This year at the Consumer Electronics Show in Las Vegas, automakers Toyota and Audi have shown their visions for automated driving. Both implementations differ from Google’s fully-autonomous car project, which highlights integrated software mapping. Toyota showed off a Lexus LS 600 equipped to take control away from the driver only when an accident is predicted. Audi showed off a self-parking car, and alluded to an autonomous system that could be turned on to join self-driving motorcades for highway driving. Of course, I love autonomous cars -- because I want to drive while texting and drinking whiskey in a school zone. Now, it’ll be a little bit safer.
Duncan Haldane from the University of California, Berkeley, has presented VelociRoACH, a four-inch cockroach-inspired robot capable of running at 2.7 m/s, making it one of the fastest legged robots in the world.
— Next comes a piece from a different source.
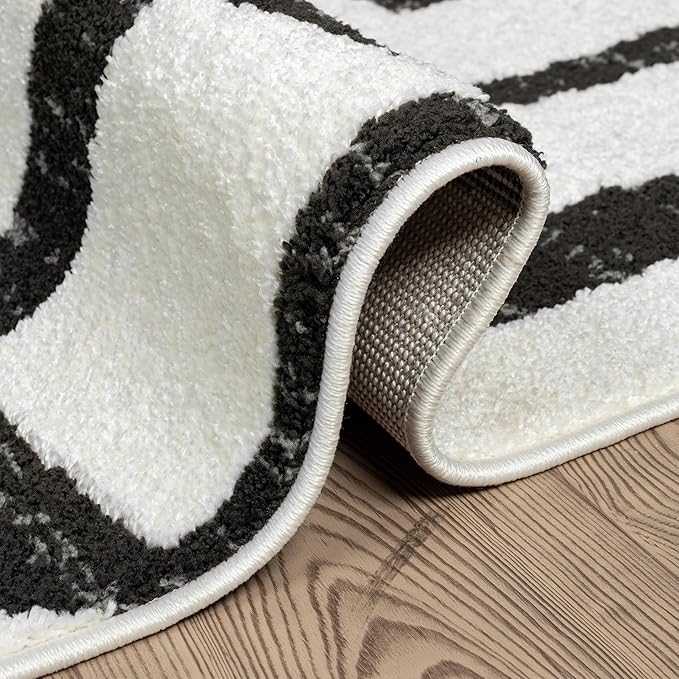 Abani Nomad Cream & Grey Area Rug 8' x 10' for Living Room, Bedroom - Geometric Box Design - Durable & Easy to Clean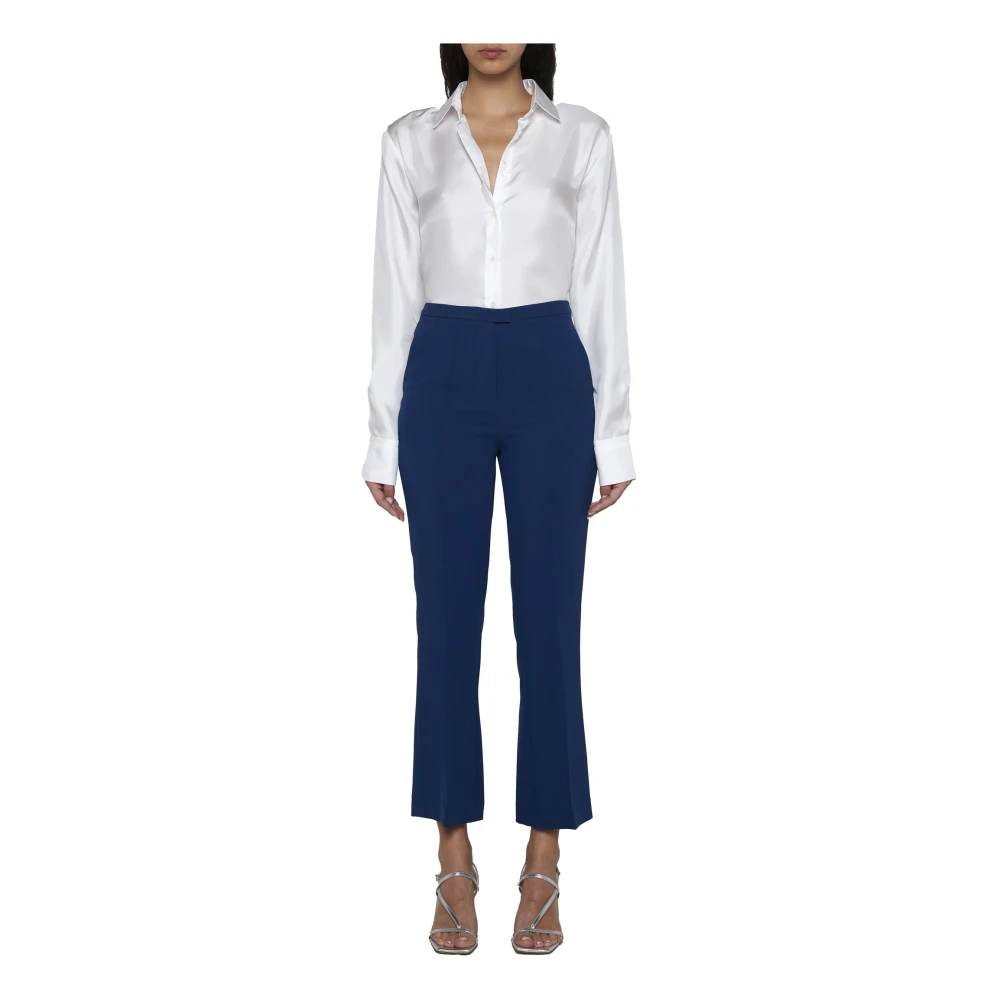 Blanca Vita Elegante Broek met Strikdetail Blue Dames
The legs are thin, C-shaped springs that rotate fifteen times per second, and for stability, three of the six legs are touching the ground at all times. The robot can also climb obstacles by slamming into them and popping up and over. A cockroach? This is the most disgusting and revolting robot in the world, but only because I haven’t finished my robot Honey Boo Boo’s Mom. Yet.
Robots locate endangered whales
Autonomous marine gliders operating in the Gulf of Maine in early December successfully located nine endangered right whales, enabling an advisory to boats in the area to decrease speed to help avoid a collision. Gliders are programmed to periodically dive and listen for calls of sei, fin, humpback and right whales, and then surface, and transmit the results via satellite. The Gulf of Maine was previously suspected of being a right whale winter mating area, and the gliders reported the whale song within hours of hitting the water.
Miniature X-ray scanner
X-ray machines are generally big and heavy, but now Scott Kovaleski and his team from the University of Missouri have developed an x-ray scanning device roughly as big as a pack of gum. The device works by exposing a piezoelectric crystal of lithium niobate with an alternating current, which causes mechanical vibration. By adjusting the current to ten volts at forty kilohertz, and installing tiny wire points on the crystals, the vibration generated an electric field equivalent to one hundred thousand volts, which is enough to produce x-rays. With x-ray scanners this small, can we please build my x-ray glasses already? I’m still mad at that cereal box’s false advertising.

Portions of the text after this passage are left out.